EXERCISE PROMPT
Copy all data exactly. Skip pictures.

DATA SECTION
[Start of section]
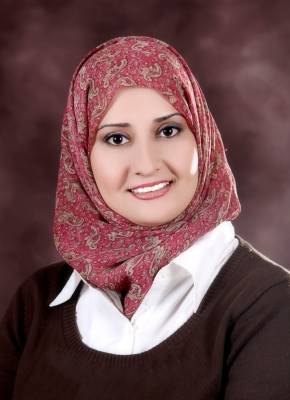 الدكتوره مها مهدي الخفاف الف مبروك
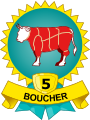Boucher - 5 viandes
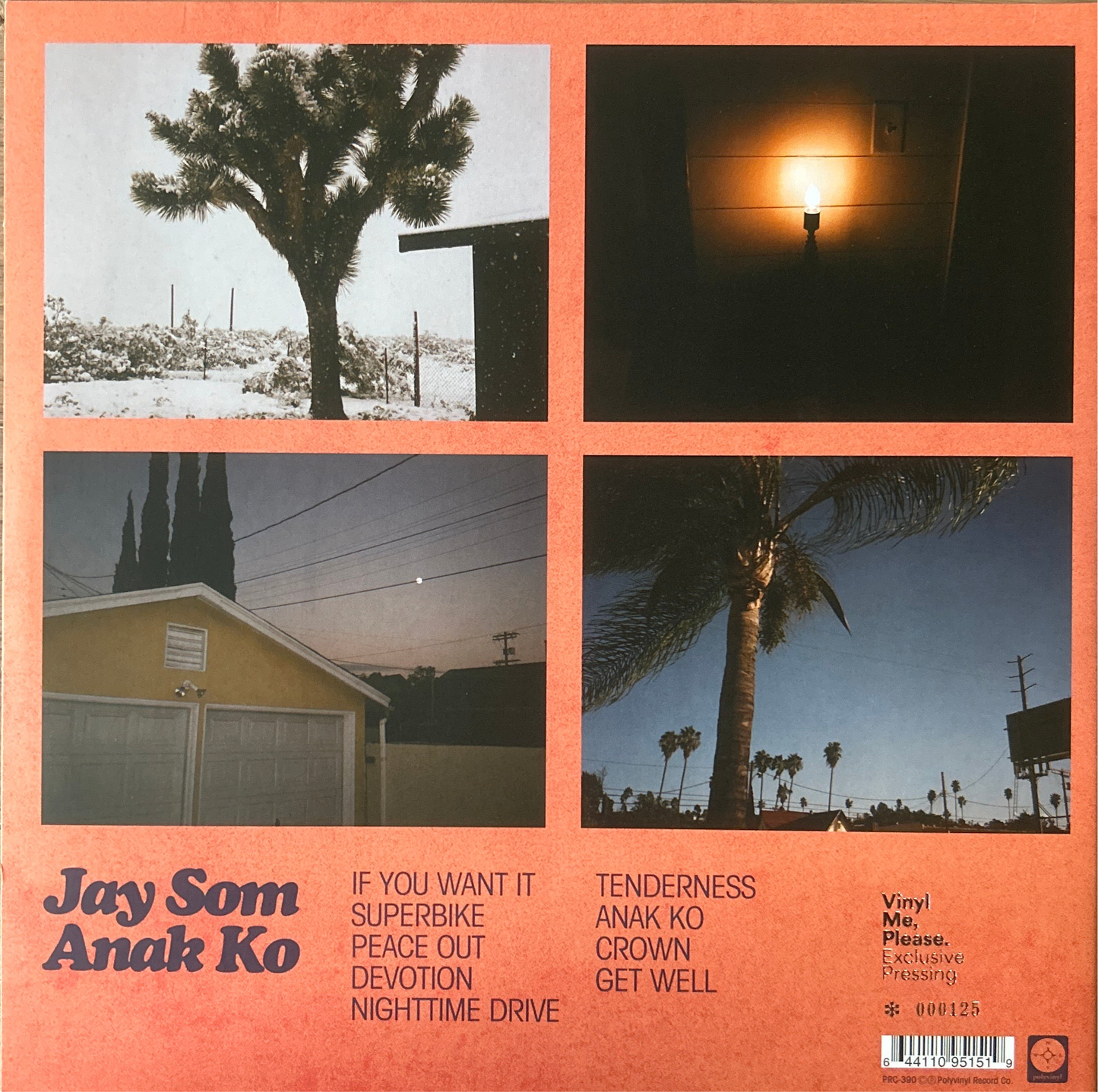 [Used LP] Jay Som / Anak Ko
[End of section]
RESPONSE
 الدكتوره مها مهدي الخفاف الف مبروك
Boucher - 5 viandes
 [Used LP] Jay Som / Anak Ko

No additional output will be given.